WORK ORDER: Exactly as they appear below, repeat the lines from the one with "CAB997 15.5 inches" through the one with "Miquelrius - Notebook". Drop every picture.

THE INPUT:

****************

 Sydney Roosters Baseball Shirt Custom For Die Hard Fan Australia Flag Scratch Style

****************

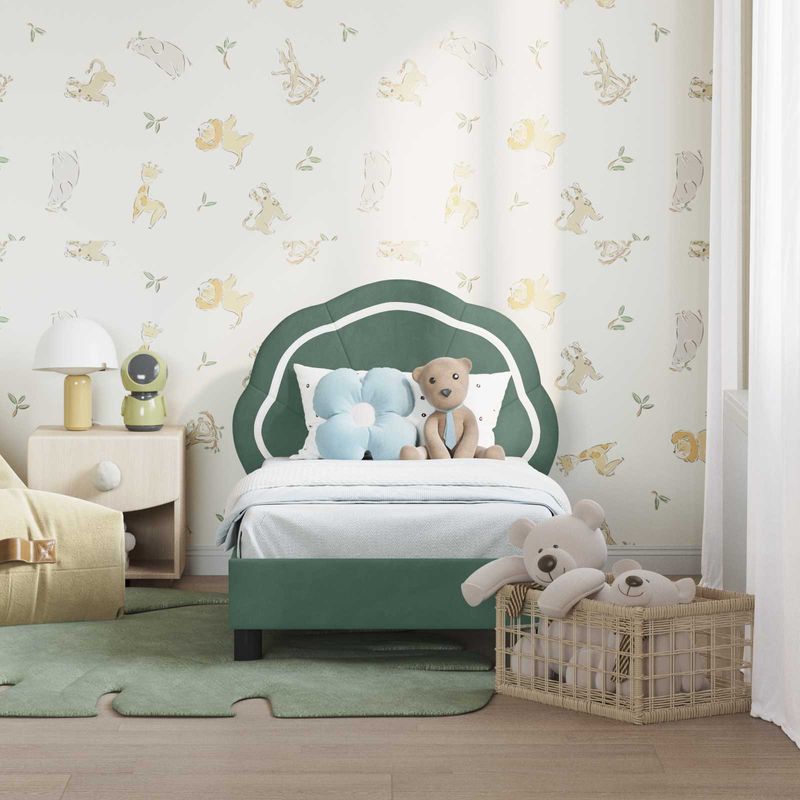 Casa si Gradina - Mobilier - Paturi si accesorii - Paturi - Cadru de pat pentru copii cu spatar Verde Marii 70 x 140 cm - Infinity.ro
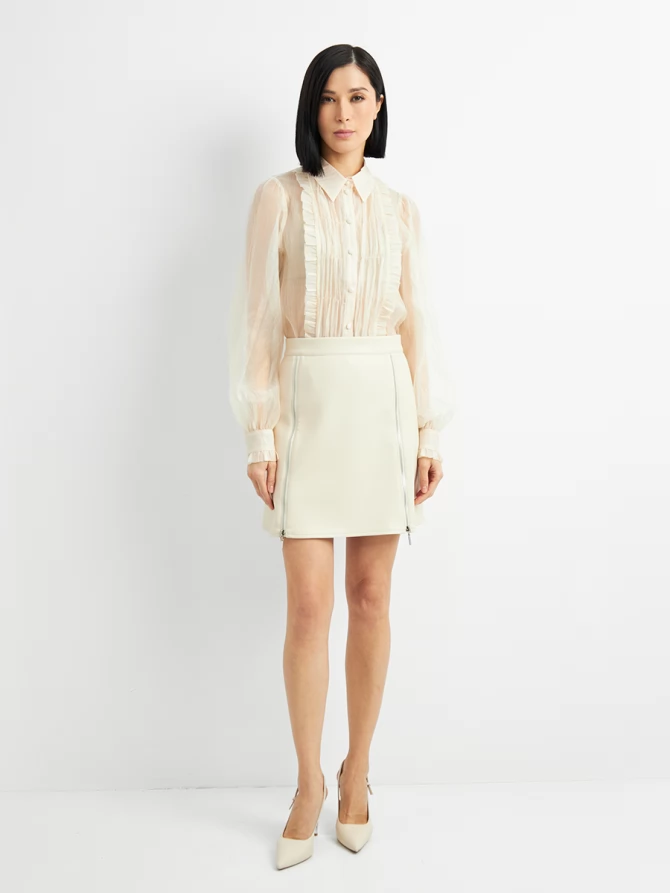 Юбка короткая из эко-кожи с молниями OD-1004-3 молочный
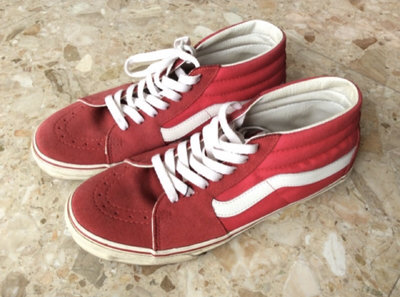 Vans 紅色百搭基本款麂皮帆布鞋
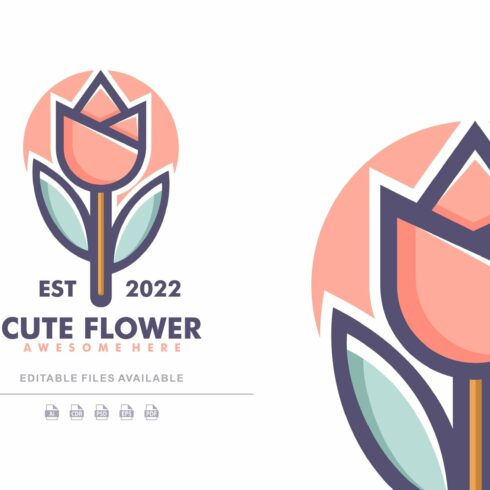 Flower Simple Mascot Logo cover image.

****************

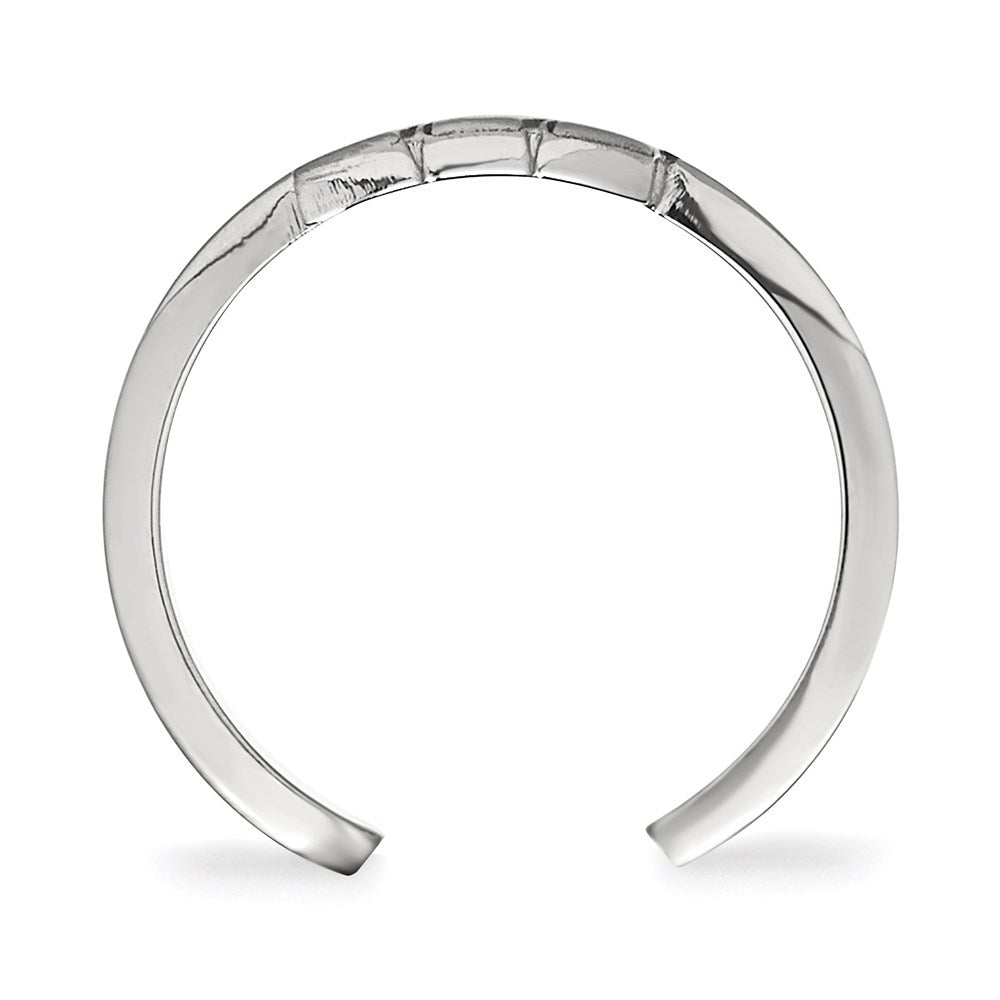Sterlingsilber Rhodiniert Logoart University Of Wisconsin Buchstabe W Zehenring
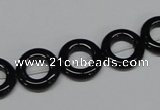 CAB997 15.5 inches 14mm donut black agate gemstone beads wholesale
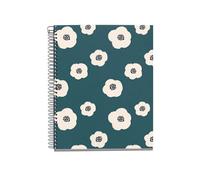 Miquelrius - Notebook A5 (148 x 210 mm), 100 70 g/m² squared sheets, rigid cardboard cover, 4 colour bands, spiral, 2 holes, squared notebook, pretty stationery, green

****************

YOUR RESPONSE:
 CAB997 15.5 inches 14mm donut black agate gemstone beads wholesale
 Miquelrius - Notebook A5 (148 x 210 mm), 100 70 g/m² squared sheets, rigid cardboard cover, 4 colour bands, spiral, 2 holes, squared notebook, pretty stationery, green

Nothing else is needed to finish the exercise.